He says practice managers and senior clerks up and down the country have already been or are in danger of coming into conflict with barristers as sets modernise without the appropriate management structures in place to cope with change.
"I believe one big problem is that there is too much democracy with too many committees," he says. "The day-to-day running of the chambers should be in the hands of the practice manager with the head and deputy head of chambers and every six months there should be a meeting."
Symonds had travelled up to Birmingham from London after he was head hunted from Devereux Chambers, where he had been for over 20 years, by the then Fountain Court head of chambers Harry Woolton QC.
Symonds says: "What they were offering was exciting. It was to take on a new role. They knew they were going to move to new premises and they wanted to make the set the best and biggest in the country."
Symonds played a key role in the set's move to new premises in 1993 and was also involved in the introduction of video conferencing.
But he believes his main contribution to the set was to divide it up into 11 specialist groups with their own experts and clerks.

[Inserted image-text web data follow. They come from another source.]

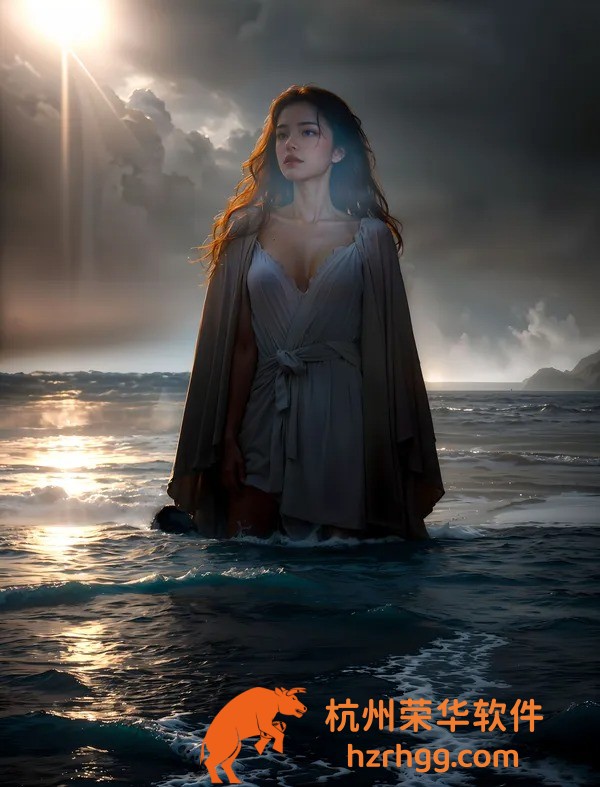 正版二四六澳門天天彩:權(quán)威品質(zhì)平臺帶你體驗彩市新風尚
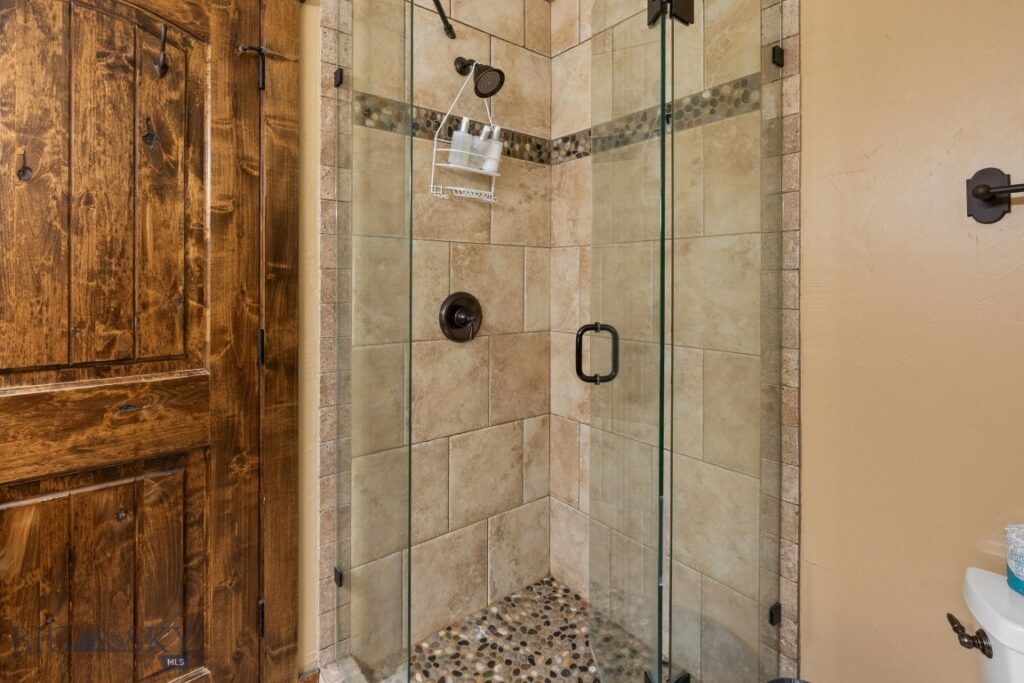 9 Manitou Loop, Big Sky MT 59716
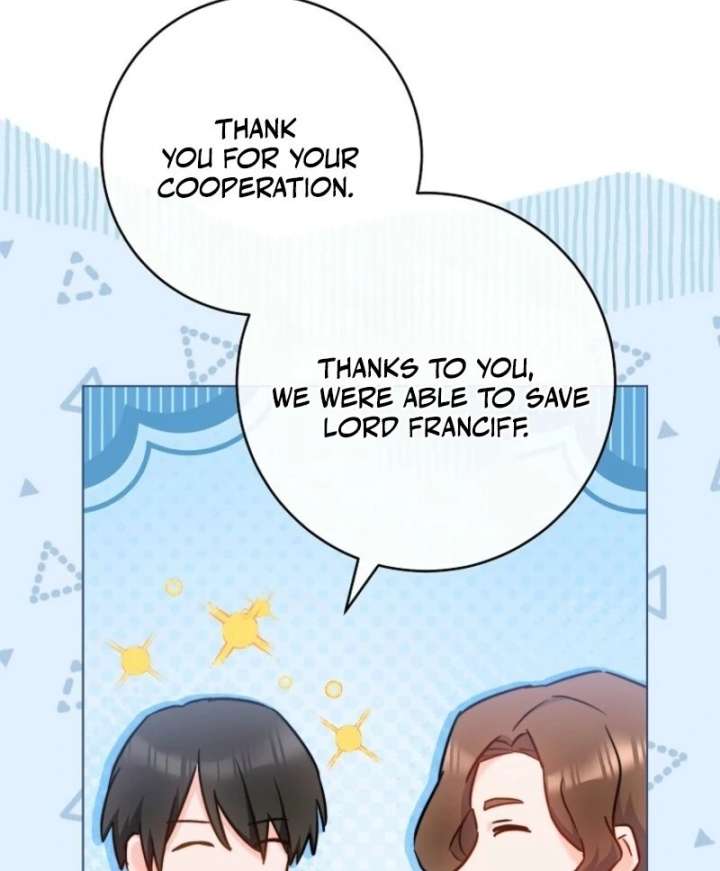 Royal Shop Of Young Lady - Chapter 185 - 13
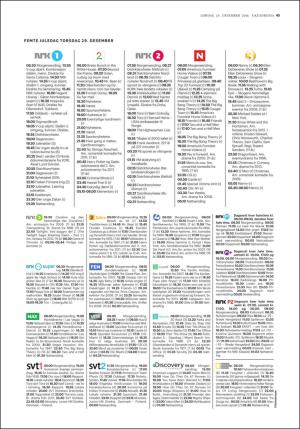 adresseavisen_uka-20161224_000_00_00_045.pdf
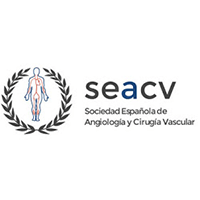 Sociedad Española de Angiología y Cirugía Vascular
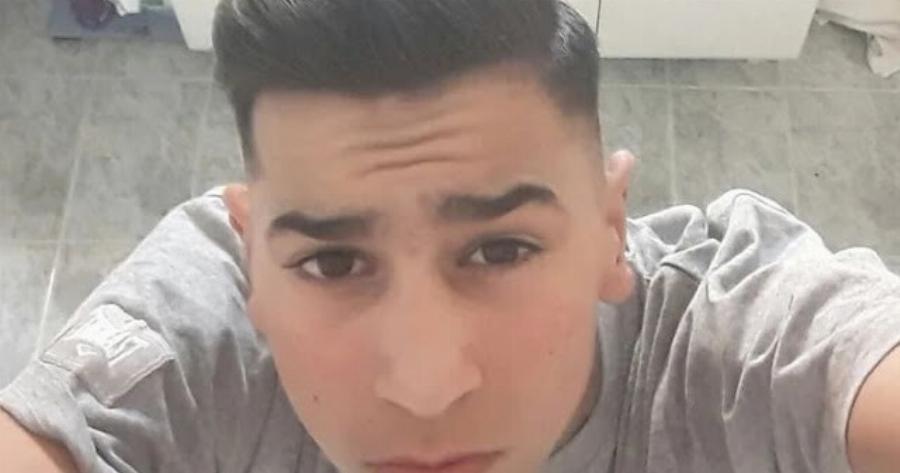 Σοκ: Ο 22χρονος Ιωάννης που σκοτώθηκε σε τροχαίο ήταν γιος γνωστού προπονητή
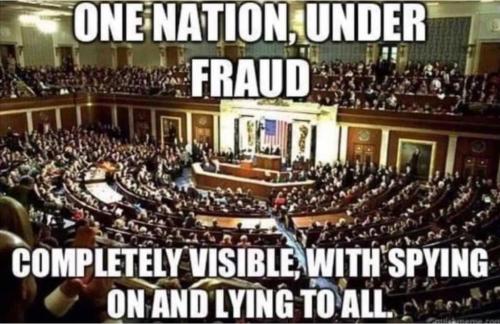 17:51:38 GMT-0600 (CST)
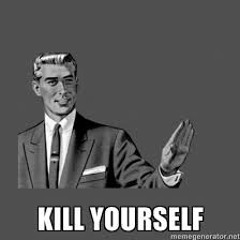 Reasons I Dont Stop (Prod. By JAB)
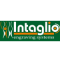 Intaglio Engraving Systems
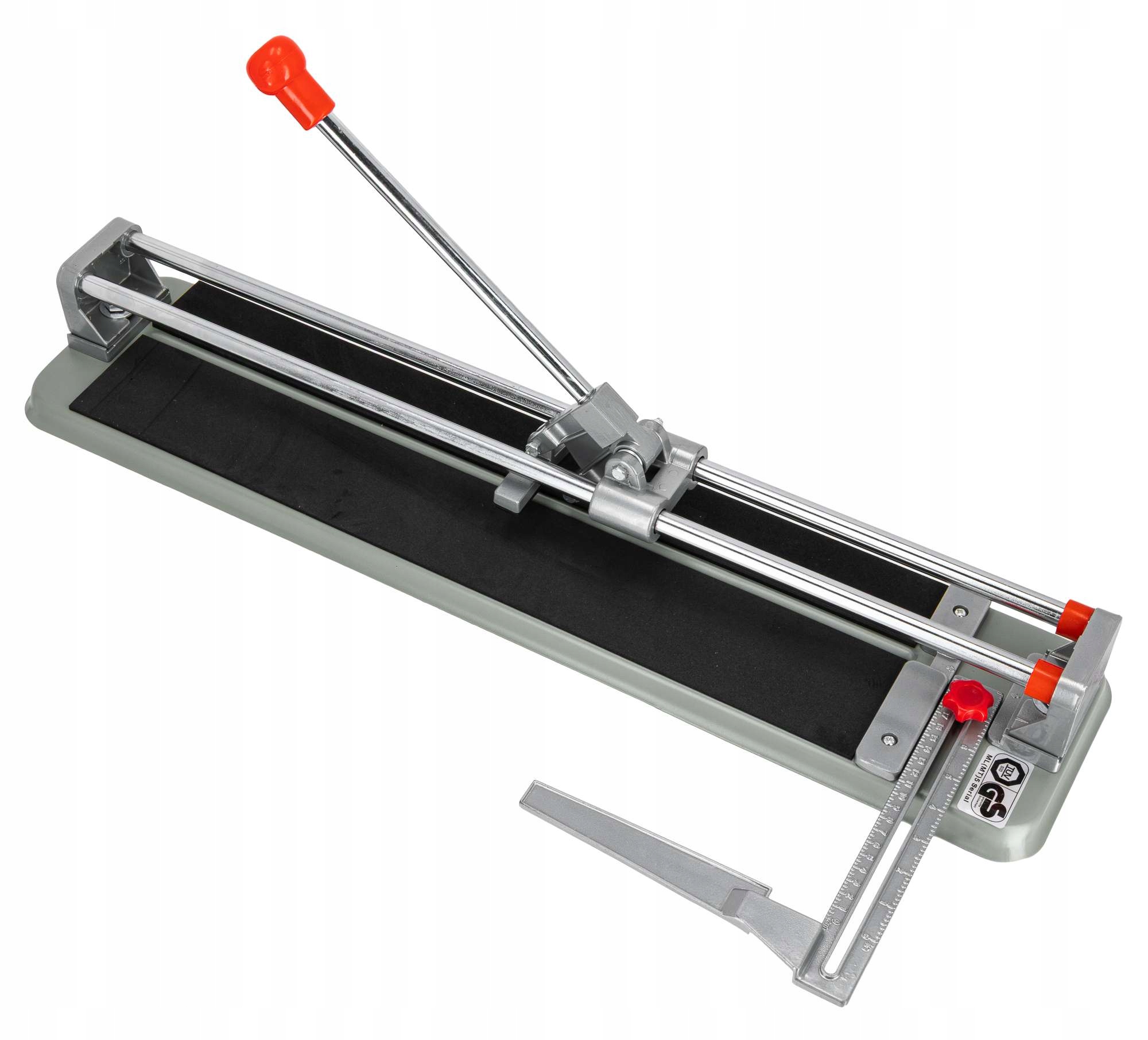 Nástroj na řezání glazury 600 mm Proline 75360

This was his strategy to stop provincial work from going to London. Local solicitors' firms told him they wanted specialist rather than generalist barristers.
"There was resistance from some of the barristers but by the time I left it was working very well. It was like having 11 sets of chambers under a single co-ordinated administration."
Head of chambers at 5 Fountain Court, Anthony Barker QC, will only say: "We've had a parting of the ways, we've come to terms and I regard the whole matter as confidential."